#### Exercise directions
Go to the line that includes "Intercom alternatives cover image" and retype it, then every line after it to the end of the data, adding nothing.

Short descriptive text snippets
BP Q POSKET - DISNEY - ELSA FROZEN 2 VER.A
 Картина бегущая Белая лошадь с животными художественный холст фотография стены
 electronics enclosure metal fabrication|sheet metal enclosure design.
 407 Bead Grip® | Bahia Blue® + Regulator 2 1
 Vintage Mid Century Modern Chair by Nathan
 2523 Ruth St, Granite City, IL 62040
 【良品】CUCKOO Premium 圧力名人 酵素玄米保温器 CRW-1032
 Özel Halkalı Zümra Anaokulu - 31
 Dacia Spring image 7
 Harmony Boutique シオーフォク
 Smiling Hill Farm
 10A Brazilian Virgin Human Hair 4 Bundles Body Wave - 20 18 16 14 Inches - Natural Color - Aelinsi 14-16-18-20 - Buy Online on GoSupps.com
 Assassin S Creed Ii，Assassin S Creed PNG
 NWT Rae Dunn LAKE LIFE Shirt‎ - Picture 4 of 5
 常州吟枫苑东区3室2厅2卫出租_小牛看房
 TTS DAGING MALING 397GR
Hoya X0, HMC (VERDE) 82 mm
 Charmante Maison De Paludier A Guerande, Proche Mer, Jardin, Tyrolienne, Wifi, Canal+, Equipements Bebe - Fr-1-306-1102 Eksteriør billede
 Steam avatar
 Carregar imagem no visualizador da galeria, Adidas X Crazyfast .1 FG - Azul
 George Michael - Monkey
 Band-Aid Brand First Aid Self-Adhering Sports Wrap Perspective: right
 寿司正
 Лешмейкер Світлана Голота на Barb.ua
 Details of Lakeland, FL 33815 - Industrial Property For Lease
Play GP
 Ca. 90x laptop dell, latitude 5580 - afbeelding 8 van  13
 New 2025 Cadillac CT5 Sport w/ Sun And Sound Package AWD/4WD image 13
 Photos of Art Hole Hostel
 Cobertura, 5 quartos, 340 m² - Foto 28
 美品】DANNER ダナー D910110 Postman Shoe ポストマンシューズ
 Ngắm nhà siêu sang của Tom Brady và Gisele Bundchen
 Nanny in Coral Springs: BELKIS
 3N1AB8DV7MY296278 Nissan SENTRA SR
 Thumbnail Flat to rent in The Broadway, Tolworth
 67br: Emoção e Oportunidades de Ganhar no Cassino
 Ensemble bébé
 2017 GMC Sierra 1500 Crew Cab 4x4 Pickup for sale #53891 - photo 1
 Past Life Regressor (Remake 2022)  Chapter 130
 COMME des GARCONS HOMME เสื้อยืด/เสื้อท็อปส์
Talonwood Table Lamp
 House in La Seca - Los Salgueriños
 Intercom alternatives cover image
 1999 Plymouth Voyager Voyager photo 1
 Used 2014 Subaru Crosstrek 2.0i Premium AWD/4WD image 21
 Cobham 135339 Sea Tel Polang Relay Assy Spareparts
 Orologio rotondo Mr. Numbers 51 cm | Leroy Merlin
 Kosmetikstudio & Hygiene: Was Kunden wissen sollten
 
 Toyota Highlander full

#### Answer to this task
 Intercom alternatives cover image
 1999 Plymouth Voyager Voyager photo 1
 Used 2014 Subaru Crosstrek 2.0i Premium AWD/4WD image 21
 Cobham 135339 Sea Tel Polang Relay Assy Spareparts
 Orologio rotondo Mr. Numbers 51 cm | Leroy Merlin
 Kosmetikstudio & Hygiene: Was Kunden wissen sollten
 
 Toyota Highlander full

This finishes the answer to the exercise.